Finally, I ventured to ask in English, "Are you the author of this book?"

"Yes," she answered in perfect Arabic, smiling. I immediately bought the book and asked her to sign it. After she did so, we chatted pleasantly and parted ways.

It was a delightful encounter for me, but sad as well.

I felt badly that neither Egyptian nor Canadian media seemed interested in the education, career, travel, writings and paintings of this genius artist.

The lady was Anna Boghiguian, one of Egypt’s foremost contemporary artists. Anna has traveled the globe and recorded her impressions of each new place she encounters in drawings and paintings that fill the sketchbooks she carries everywhere.

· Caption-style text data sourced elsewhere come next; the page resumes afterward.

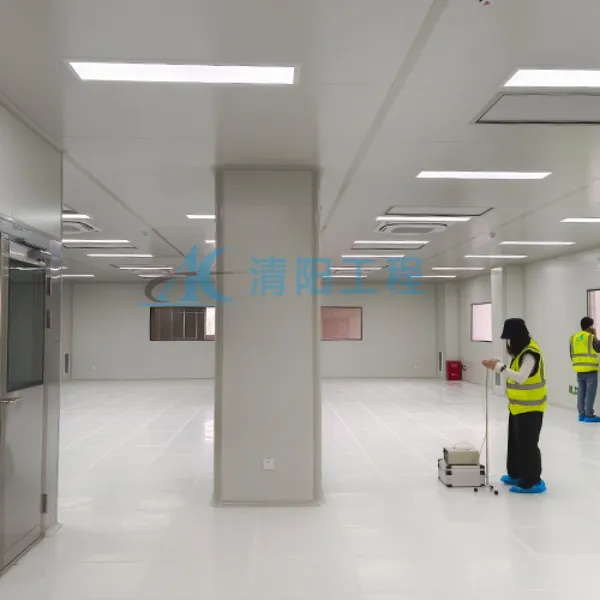 Углубленный анализ плана строительства и стоимости цеха по производству пищевых добавок, соответствующего стандартам GMP, в России.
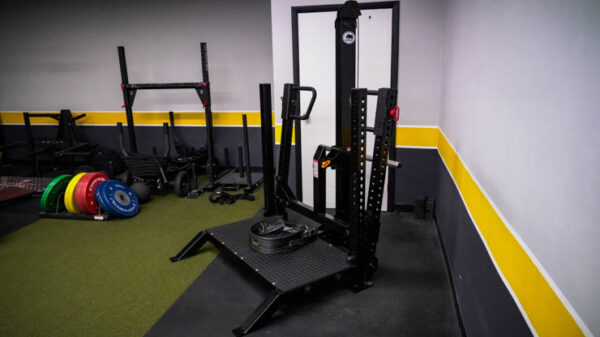 Rogue squat discount belt
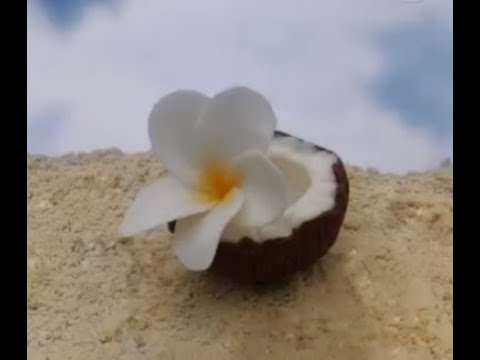 Видео: МК🌸КОКОС и ПЛЮМЕРИЯ из пластичного шоколада от Анны Калиниченко
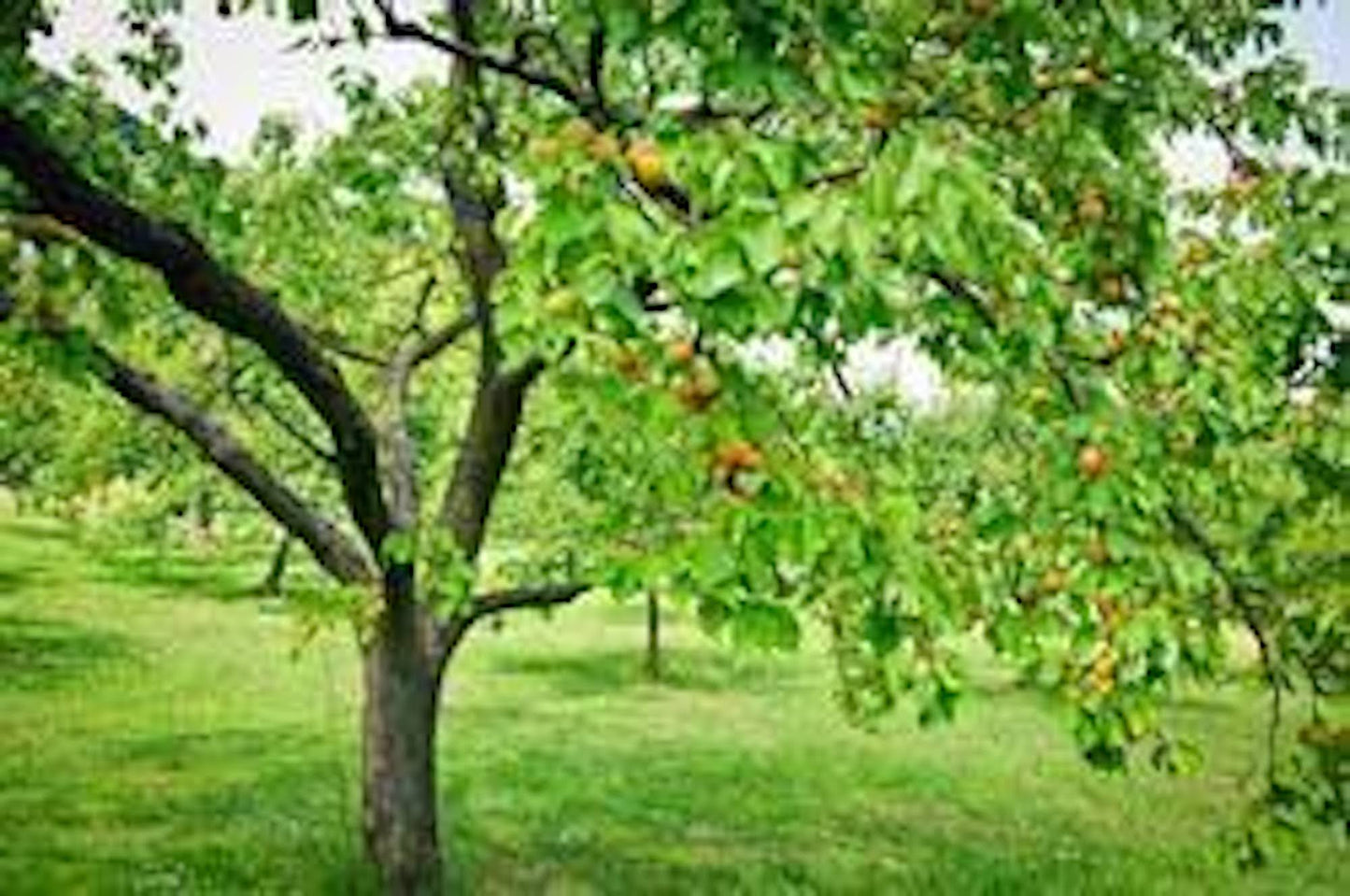 1 Apricot Tree Fruit Starter Plant Prunus armeniaca 12-24in Tall Starter Tree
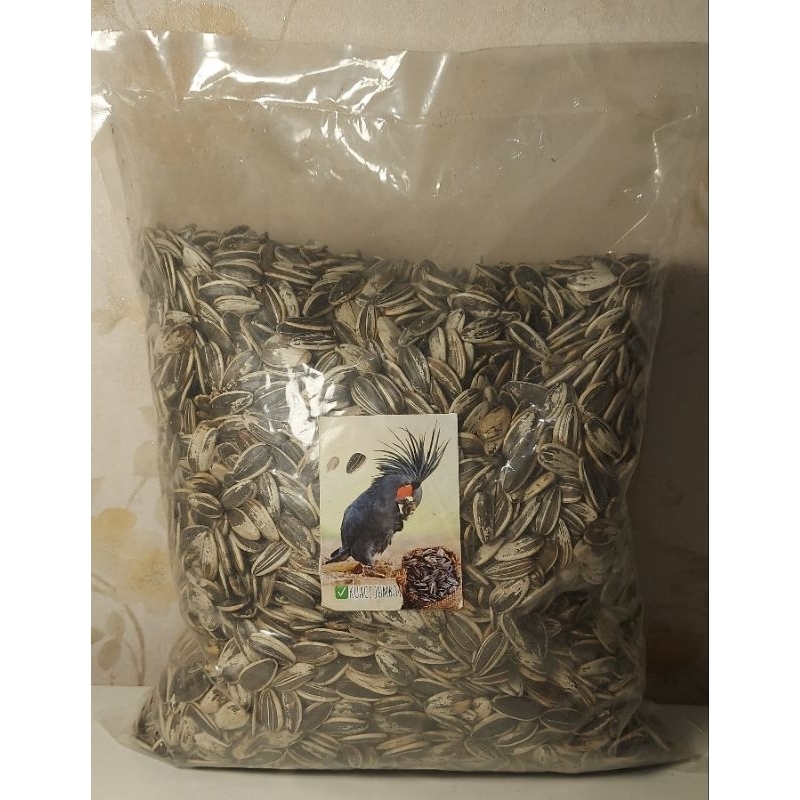 

KUACI JUMBO, UKURAN JUMBO KHUSUS PAKAN BURUNG PARUH BENGKOK YG BESAR, BERAT 1 Kg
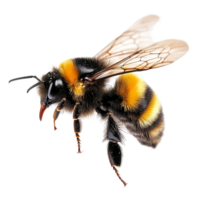 A macro shot of a stunning bumblebee in flight against a soft transparent background, a stunning bumblebee flying macro shot isolated on transparent background png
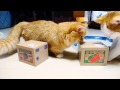 【マンチカン３兄妹】猫の貯金箱 ~Munchkin cats VS cat banks~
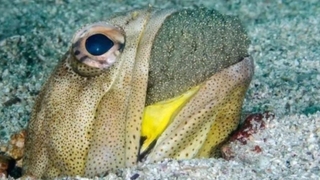 Çok acıktıklarında yavrularını yedikleri ortaya çıktı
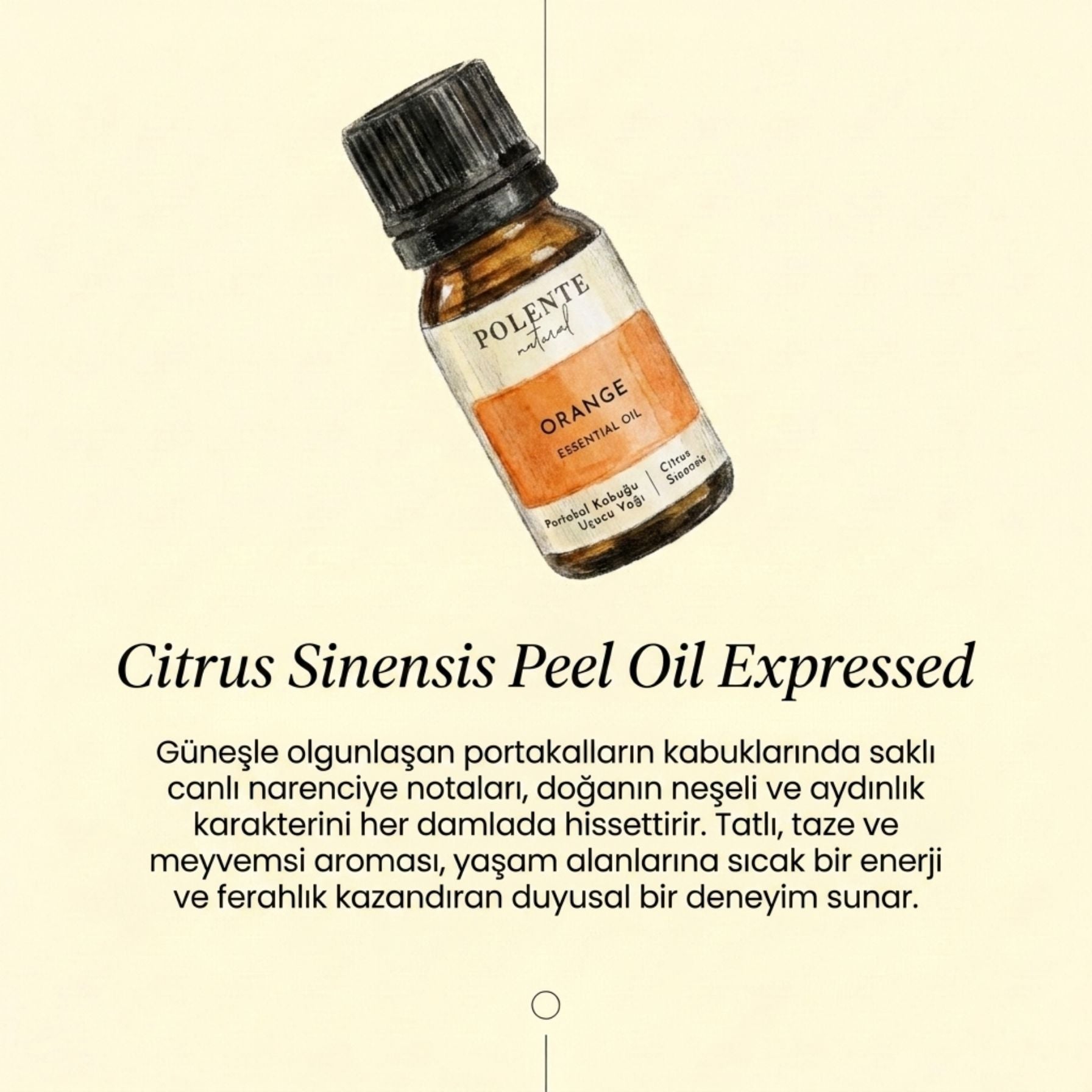 Orange Peel Essential Oil (10 ml)
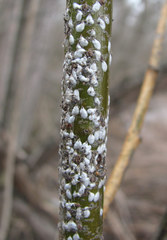 Chionaspis salicis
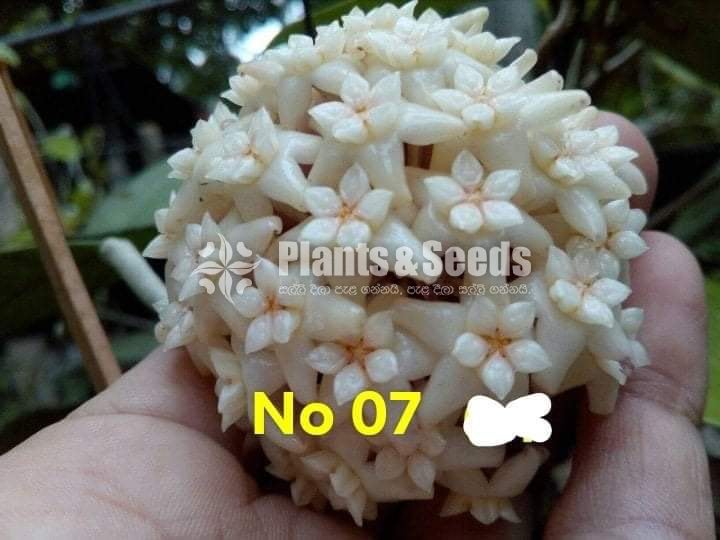 Hoya Plants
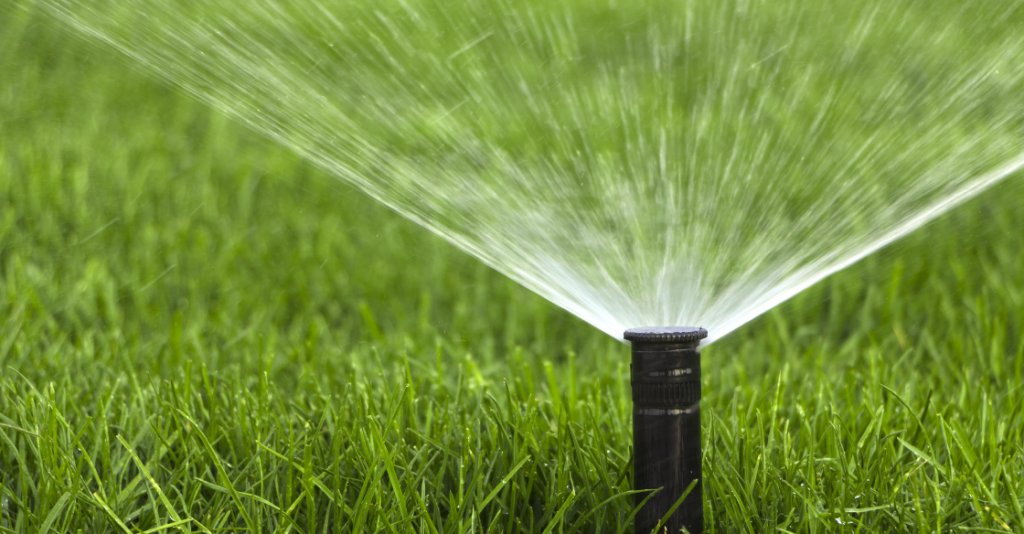 Sprinkler watering grass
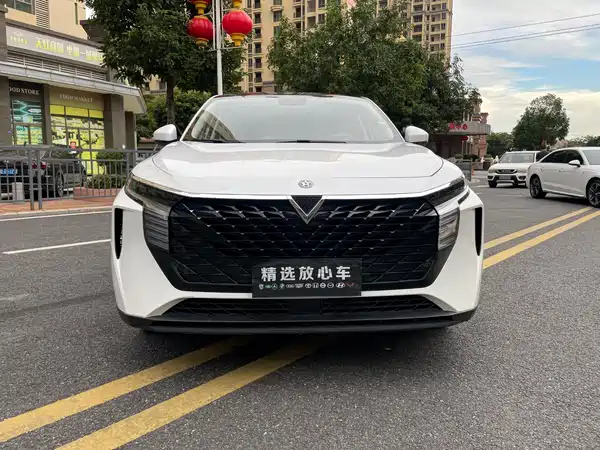 Venucia Big V 2023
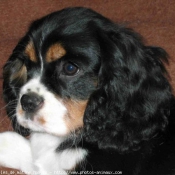 Photo de Cavalier king charles spaniel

She was born in 1946 to Armenian Diaspora parents who’d settled in Cairo. After graduating in 1969 from Cairo’s American University in Economics and Political Science, she studied art under Egyptian teacher Fouad Kamel and then went on to obtain a Bachelor of Fine Arts degree in visual arts and music from Concordia University of Montreal, Canada.

Anna has been featured in many exhibitions in Egypt, Canada, Yemen, France, and Greece.

She has also illustrated many books, including editions of Ungaretti and Cavafy for the French publisher Fata Morgana. In 2000 the same publisher released her own book, Images of the Nile – part of a projected series on great rivers of the world, which will include volumes on the Ganges and Mekong.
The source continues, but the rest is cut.